How the BDC Columns actually work

This post explains how the BDC works under the hood.
It does however miss out on fully updating the underlying data – you need to update each BDC field explicitly.

The big flaw with the BDC is that the externally referenced data is cached in the list itself.  The user needs to update the list (which can be time consuming) or the host app must do it for the user.

Sharepoint gotcha

The GetSiteData method on the SPWeb returns all of the columns as datatype string.  This does not appear to be documented anywhere.  It is however the only single method that can query across lists.

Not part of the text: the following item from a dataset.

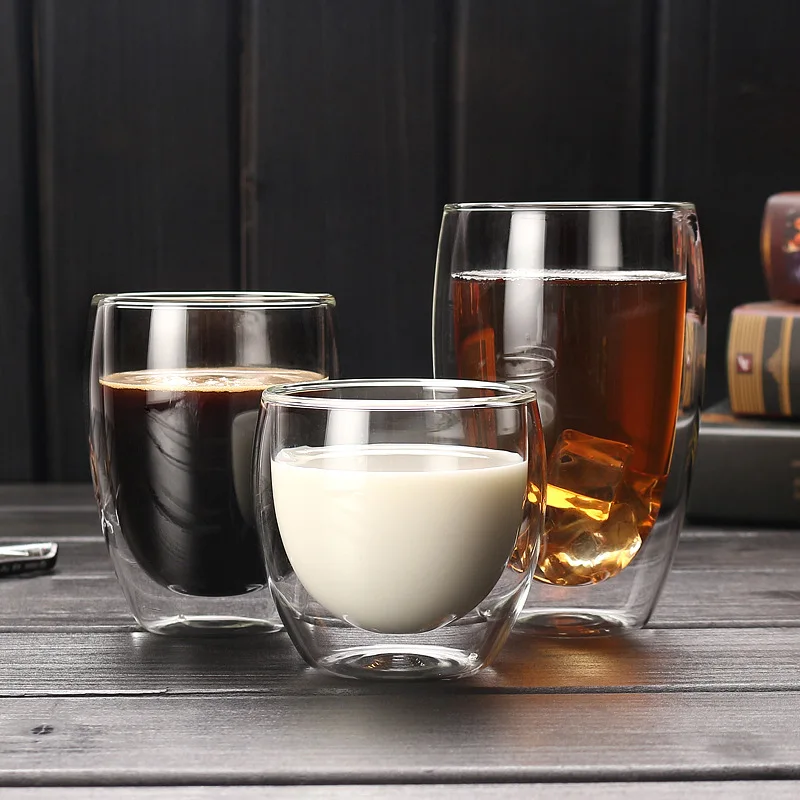 Elegant Double Wall Insulated Glass Coffee Cup 500ml Clear Tea Cup Thermal Performance Outdoor Indoor Use Cute Free Logo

CAML is a very weak query language.  You can’t do much in the way of joins.

A tale of three guids

A tale of three guids:

Sharepoint

Features require a guid of the form “this-is-a-guid”

For a content type you need a guid of the form “0x100thisisaguid”

For a field definition you need a guid of the form “{this-is-a-guid}”

 

One team, three distinct guid formats WTF

Debugging Feature Receivers

A great technique when developing a sharepoint feature receiver:

Create yourself an announcements list and have the feature log the install (or failure to do so) to this location.

 This is much less messy than debugging on a production box.

 This announcement list can be locked down so only developers and admin’s can read it.

 I have found that you can create and populate a custom list and a view in 20 lines of code (genericly).

 This contrasts to 4000 lines of xml per list/view.